Lloyd George's implementation of the same plan here started the pension at 70, it wasn't lowered to 65 until later and to 60 for women only after WWII. But now, of course, the average age at death is more like 77, 78 for men, 81, 82 for women, and there doesn't seem to be any great slowdown in the rate of its increase (one of the more fascinating, for a given value of "fascinating", demographic facts is that there is now almost no difference between life expectancy at birth and life expectancy at working age. We've largely conquered those appalling rates of death in infancy).
Almost everyone therefore expects to live to an age to collect a pension: it has become assurance instead of the original insurance. The proposal therefore is to tie (as some other places, Denmark among them, already have done) the pension age to the average age of death. In a perfect world, to the average age of death of the previous cohort... Thus the pension becomes what it was originally, insurance against outliving your rational level of savings.
A useful byproduct of so limiting the concept is that it could become a reasonable and serious payment again. If it is something that's paid to only half of old people and paid to all only for six or seven years rather than 12 or 14, then it could be more generous, while still reducing the total cost.
Yes, this is rather bloodthirsty, but something must indeed be done about the long-term costs of rising lifespans.
Making R&D pay
The third interesting little bit is the change to the research and development tax credit. Add this to the previously announced special low rate of corporation tax on patents owned by British companies and we've a quite marvellous tax system for research-based companies. This will of course be of interest to all you technical types that read here unlike the rest: assuming that none of you are planning to either pay NI or retire.
Here's (suitably adjusted for the new rules) what HMRC says about the scheme :
[T]he tax relief on allowable R&D costs is 200 per cent – that is, for each £100 of qualifying costs, your company or organisation could have the income on which Corporation Tax is paid reduced by an additional £100 on top of the £100 spent. It also includes a payable credit in some circumstances.

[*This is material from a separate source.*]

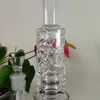 Bongo de vidro Swiss Perc - 13,7 polegadas - cinza - narguilé de tubo reto - junta fêmea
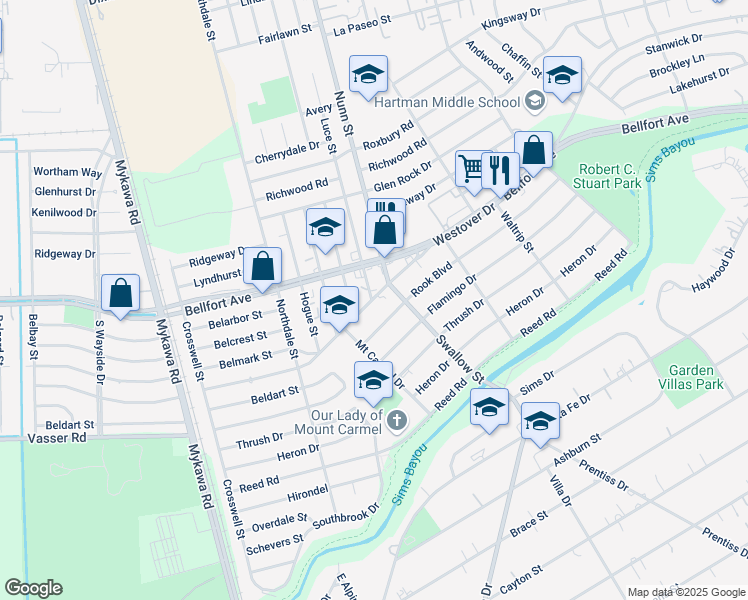 map of restaurants, bars, coffee shops, grocery stores, and more near 6850 Westover Street in Houston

That's really rather attractive: if you're paying £100k in R&D a year, and making £100k in profits even after doing so, then you've just wiped out your entire tax bill. Add in the sheltering of profits from patents announced a few months back, and if and when you find yourself with a real hit product you'll only be paying 10 per cent corporation tax on those profits from that patent.
Effectively, if you work at it, the UK has become near tax-free for organisations which develop things and then licence the rights to manufacture them. Given that this is one of the things we seem to be rather good at (ARM Holdings and Dyson being just two examples) and given that these are exactly the sort of organisations which employ you technical types, this is really rather cheering for the readership of El Reg. To extend it a little further, these two changes have just made Hartlepool, of all places, an attractive location for an adventure I'm involved in with my day job. And it really does need to be quite something to make Hartlepool attractive really.
So, some good things in the Budget after all, along with the usual insanities. I'm left wondering whether, sometime, without having to schlep off to a parallel universe, we might ever get a budget that contains only good things?
Ah, sorry, forgot, there's politicians involved isn't there, never going to happen... ®
* There's a technical point there to do with the elasticity of supply and demand for labour with respect to price which we'll not go into and which determines who it is: suffice it to say that most of those who understand what that phrase means accept that from most to all of employers' NI is paid by the workers.